En lisant le dossier de présentation de son court métrage professionnel il y a quelques années, lors d’une commission, je me suis dit que cette jeune réalisatrice témoignait d’un intérêt certain pour les sujets historiques puisque Plus douce est la nuit aborde la difficile question de la décolonisation en Afrique de l’Ouest dans les années 60. Un sujet complexe, beaucoup de personnages (des officiels français, un militaire arrivant de la métropole, un missionnaire disparu, des colons sur le départ, des habitants africains hostiles), des décors chargés, le tout réalisé en peinture animée et en animation directe : un film ambitieux et « casse-gueule » comme on dit.

J’ai eu le plaisir, en avril dernier, de pouvoir assister à la projection d’équipe organisée par JPL Films et de découvrir le film sur grand écran. Non seulement, il était réussi, mais au-delà de ce que j’avais pu imaginer. La visite des studios deux jours plus tard m’a permis d’apprécier la beauté des peintures de la réalisatrice, donnant immédiatement l’envie de monter une exposition.

Revoir le film dans la grande salle de Bonlieu, en séance officielle, fut un plaisir renouvelé. Je l’ai même redécouvert. Comme tous les grands films, il faut le voir et le revoir pour en apprécier toute la subtilité et la réussite.
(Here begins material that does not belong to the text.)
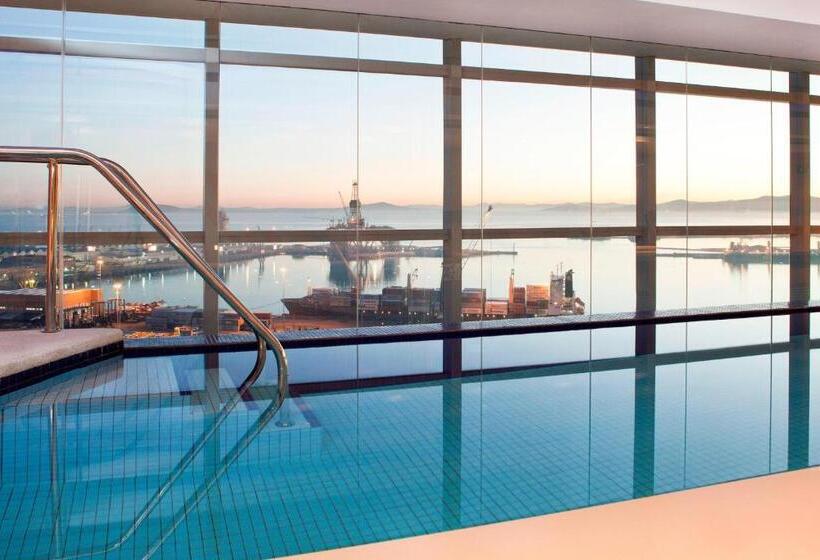 בית מלון כפרי The Westin Cape Town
Fabienne Wagenaar qui a travaillé sur La Traversée avec Florence Miailhe, signe un film en peinture animée remarquable. Le travail sur les couleurs (qui permet d’identifier chaque personnage, et notamment cette petite fille au ruban jaune qu’on n’oubliera pas de sitôt), les lumières (aveuglante à l’extérieur de la ville portuaire, sombre et étouffante dans les intérieurs ou lorsqu’on pénètre dans la forêt), les décors très documentés et détaillés (la réalisatrice est partie en Côte d’Ivoire un mois), la mise en scène (peu de gros plans, des plans d’ensemble renforçant le côté perdu et observateur du personnage principal), la maitrise de la technique m’ont enthousiasmée.

Le spectateur⸱rice épouse le point de vue du jeune officier de l’Armée française qui mène une enquête qui lui échappe dans un monde inconnu qui résiste. Quel personnage sera la porte d’entrée vers la découverte de la vérité sur cette disparition ? Cette femme en blanc ? La petite fille ? Le sculpteur ? Le mystère est palpable. La séquence de la forêt (qu’on ne révèlera pas) est d’une grande puissance. Le film se termine chargé d’une grande émotion, l’officier à jamais marqué par ce voyage initiatique, témoin de la fin d’un monde.